__Exercise prompt__
Reproduce the line containing "291 Commercial Pky, Molalla, OR" and every line after it through the end of the records. Include nothing else.
::: Input records
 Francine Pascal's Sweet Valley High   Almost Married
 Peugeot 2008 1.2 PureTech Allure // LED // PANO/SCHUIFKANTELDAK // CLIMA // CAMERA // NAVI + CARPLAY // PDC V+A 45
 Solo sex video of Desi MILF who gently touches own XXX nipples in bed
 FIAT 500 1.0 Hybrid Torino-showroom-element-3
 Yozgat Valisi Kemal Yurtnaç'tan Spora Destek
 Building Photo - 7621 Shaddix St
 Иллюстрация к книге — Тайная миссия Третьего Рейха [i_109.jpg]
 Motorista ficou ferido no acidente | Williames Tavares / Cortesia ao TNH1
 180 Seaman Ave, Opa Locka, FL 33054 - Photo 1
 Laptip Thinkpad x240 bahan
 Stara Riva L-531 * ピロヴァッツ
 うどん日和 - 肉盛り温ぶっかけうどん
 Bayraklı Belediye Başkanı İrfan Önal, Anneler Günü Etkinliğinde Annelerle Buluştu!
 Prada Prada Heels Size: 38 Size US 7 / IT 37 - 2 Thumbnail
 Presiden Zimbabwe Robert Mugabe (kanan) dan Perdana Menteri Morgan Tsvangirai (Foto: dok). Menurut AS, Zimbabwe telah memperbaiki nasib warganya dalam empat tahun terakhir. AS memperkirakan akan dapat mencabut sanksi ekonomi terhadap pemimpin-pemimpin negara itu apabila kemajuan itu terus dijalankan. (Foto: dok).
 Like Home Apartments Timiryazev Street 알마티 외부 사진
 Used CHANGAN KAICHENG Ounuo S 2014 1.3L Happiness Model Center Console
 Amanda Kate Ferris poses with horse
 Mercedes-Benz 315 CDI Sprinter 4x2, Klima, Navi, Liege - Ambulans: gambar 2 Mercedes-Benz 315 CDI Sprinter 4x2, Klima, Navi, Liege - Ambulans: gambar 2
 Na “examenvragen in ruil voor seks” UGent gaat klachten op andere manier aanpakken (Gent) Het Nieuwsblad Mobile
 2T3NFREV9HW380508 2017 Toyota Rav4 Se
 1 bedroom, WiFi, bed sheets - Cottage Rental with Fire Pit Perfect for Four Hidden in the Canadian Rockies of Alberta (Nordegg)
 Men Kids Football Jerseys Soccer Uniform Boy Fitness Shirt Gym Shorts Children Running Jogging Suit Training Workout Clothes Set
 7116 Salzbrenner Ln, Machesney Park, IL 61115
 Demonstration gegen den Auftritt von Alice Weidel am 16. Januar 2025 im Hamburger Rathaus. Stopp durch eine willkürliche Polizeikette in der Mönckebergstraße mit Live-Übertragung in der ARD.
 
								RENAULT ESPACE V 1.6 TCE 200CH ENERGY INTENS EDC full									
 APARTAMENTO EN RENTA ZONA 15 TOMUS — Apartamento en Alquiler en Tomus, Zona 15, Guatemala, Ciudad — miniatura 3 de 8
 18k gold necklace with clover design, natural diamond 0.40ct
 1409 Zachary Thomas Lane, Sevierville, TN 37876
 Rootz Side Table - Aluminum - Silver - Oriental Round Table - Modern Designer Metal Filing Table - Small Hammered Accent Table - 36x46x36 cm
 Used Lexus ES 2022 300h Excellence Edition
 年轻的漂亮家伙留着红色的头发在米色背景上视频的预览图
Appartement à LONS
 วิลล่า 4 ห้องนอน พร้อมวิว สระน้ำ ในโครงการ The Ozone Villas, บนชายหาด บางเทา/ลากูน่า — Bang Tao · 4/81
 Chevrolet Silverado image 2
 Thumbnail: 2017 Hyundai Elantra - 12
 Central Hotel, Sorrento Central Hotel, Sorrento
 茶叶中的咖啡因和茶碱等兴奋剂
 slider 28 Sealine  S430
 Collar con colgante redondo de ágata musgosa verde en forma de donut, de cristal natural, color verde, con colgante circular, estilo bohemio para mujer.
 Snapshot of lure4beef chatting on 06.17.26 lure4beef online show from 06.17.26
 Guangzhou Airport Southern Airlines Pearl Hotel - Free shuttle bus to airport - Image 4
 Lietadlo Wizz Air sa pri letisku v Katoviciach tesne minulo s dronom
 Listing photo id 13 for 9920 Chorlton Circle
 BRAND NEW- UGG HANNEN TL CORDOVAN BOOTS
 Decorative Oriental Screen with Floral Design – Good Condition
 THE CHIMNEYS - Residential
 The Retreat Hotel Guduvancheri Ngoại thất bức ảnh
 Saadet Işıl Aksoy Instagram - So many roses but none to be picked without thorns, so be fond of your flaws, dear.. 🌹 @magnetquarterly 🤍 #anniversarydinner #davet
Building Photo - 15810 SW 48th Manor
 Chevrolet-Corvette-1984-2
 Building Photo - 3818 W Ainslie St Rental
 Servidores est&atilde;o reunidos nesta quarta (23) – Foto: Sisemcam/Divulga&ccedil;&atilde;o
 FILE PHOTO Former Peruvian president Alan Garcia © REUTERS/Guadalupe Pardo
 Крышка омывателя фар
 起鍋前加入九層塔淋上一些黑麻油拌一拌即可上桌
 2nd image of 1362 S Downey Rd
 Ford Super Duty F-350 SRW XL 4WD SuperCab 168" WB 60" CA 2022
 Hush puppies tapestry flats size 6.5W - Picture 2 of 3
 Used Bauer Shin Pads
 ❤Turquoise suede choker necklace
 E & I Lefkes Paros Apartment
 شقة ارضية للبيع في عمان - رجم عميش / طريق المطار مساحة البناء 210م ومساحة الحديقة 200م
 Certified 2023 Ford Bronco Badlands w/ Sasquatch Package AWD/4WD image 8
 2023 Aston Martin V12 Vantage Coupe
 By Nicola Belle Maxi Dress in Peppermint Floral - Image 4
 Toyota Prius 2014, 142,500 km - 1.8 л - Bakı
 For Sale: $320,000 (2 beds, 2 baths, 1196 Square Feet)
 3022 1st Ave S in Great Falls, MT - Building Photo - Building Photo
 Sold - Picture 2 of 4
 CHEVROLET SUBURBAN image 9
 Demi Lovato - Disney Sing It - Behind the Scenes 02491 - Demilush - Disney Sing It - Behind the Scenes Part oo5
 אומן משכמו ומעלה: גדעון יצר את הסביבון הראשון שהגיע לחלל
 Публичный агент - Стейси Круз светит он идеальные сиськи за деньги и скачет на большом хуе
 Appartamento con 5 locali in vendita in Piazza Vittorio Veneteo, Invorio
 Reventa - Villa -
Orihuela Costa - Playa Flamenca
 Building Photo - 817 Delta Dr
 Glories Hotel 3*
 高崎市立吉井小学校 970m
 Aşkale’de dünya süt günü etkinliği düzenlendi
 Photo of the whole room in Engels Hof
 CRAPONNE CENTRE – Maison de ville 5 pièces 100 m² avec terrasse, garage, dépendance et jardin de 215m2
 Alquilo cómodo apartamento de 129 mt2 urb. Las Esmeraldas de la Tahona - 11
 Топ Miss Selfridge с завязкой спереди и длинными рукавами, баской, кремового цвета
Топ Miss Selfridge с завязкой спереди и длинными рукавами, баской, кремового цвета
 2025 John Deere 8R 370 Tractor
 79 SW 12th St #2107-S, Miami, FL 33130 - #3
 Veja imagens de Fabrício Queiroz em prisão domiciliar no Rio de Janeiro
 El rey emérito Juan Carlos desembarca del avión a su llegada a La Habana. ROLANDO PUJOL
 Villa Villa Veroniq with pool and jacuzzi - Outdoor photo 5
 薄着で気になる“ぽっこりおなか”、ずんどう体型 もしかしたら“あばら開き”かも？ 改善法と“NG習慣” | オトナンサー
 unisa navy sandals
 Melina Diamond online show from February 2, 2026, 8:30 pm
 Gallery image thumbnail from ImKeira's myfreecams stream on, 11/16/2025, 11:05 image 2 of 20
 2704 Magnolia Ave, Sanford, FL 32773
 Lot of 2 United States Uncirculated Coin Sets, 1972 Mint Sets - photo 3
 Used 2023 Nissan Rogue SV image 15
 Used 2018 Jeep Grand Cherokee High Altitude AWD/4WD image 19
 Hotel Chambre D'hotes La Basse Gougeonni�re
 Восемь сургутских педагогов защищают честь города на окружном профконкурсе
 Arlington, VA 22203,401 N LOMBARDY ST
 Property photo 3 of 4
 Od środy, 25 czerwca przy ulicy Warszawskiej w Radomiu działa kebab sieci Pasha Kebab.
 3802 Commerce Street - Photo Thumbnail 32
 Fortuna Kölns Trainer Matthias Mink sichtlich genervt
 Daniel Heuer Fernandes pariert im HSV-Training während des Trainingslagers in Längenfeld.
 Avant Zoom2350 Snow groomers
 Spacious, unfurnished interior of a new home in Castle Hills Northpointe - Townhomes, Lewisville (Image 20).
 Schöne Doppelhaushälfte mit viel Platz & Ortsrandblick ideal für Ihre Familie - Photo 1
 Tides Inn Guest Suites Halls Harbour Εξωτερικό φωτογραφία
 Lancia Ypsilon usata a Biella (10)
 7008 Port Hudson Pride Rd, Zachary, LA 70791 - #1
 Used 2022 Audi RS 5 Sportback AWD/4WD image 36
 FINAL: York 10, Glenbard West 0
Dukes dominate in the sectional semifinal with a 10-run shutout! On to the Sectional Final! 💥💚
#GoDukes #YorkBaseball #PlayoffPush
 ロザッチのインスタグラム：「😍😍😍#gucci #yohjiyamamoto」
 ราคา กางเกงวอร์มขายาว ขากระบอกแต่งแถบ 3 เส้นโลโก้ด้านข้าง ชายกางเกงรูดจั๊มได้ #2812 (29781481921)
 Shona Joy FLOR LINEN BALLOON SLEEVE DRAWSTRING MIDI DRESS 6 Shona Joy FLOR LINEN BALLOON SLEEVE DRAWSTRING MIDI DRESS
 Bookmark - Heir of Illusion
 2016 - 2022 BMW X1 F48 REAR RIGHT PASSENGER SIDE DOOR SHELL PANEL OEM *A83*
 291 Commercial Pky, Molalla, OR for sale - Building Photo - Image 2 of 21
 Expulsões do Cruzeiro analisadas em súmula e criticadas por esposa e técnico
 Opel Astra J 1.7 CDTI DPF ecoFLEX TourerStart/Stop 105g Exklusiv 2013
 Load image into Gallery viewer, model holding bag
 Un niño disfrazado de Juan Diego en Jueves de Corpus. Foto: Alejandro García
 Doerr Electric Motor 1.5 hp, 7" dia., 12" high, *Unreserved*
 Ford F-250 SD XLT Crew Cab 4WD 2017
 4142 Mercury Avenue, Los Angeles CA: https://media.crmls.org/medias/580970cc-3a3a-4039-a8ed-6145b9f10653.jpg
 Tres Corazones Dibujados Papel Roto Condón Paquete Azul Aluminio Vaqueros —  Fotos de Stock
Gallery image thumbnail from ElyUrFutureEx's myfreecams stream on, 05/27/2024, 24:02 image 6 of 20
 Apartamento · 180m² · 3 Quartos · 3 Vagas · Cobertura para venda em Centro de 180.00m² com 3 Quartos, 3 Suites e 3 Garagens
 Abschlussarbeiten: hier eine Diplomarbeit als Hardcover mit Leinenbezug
::::::
__Exercise answer__
 291 Commercial Pky, Molalla, OR for sale - Building Photo - Image 2 of 21
 Expulsões do Cruzeiro analisadas em súmula e criticadas por esposa e técnico
 Opel Astra J 1.7 CDTI DPF ecoFLEX TourerStart/Stop 105g Exklusiv 2013
 Load image into Gallery viewer, model holding bag
 Un niño disfrazado de Juan Diego en Jueves de Corpus. Foto: Alejandro García
 Doerr Electric Motor 1.5 hp, 7" dia., 12" high, *Unreserved*
 Ford F-250 SD XLT Crew Cab 4WD 2017
 4142 Mercury Avenue, Los Angeles CA: https://media.crmls.org/medias/580970cc-3a3a-4039-a8ed-6145b9f10653.jpg
 Tres Corazones Dibujados Papel Roto Condón Paquete Azul Aluminio Vaqueros —  Fotos de Stock
Gallery image thumbnail from ElyUrFutureEx's myfreecams stream on, 05/27/2024, 24:02 image 6 of 20
 Apartamento · 180m² · 3 Quartos · 3 Vagas · Cobertura para venda em Centro de 180.00m² com 3 Quartos, 3 Suites e 3 Garagens
 Abschlussarbeiten: hier eine Diplomarbeit als Hardcover mit Leinenbezug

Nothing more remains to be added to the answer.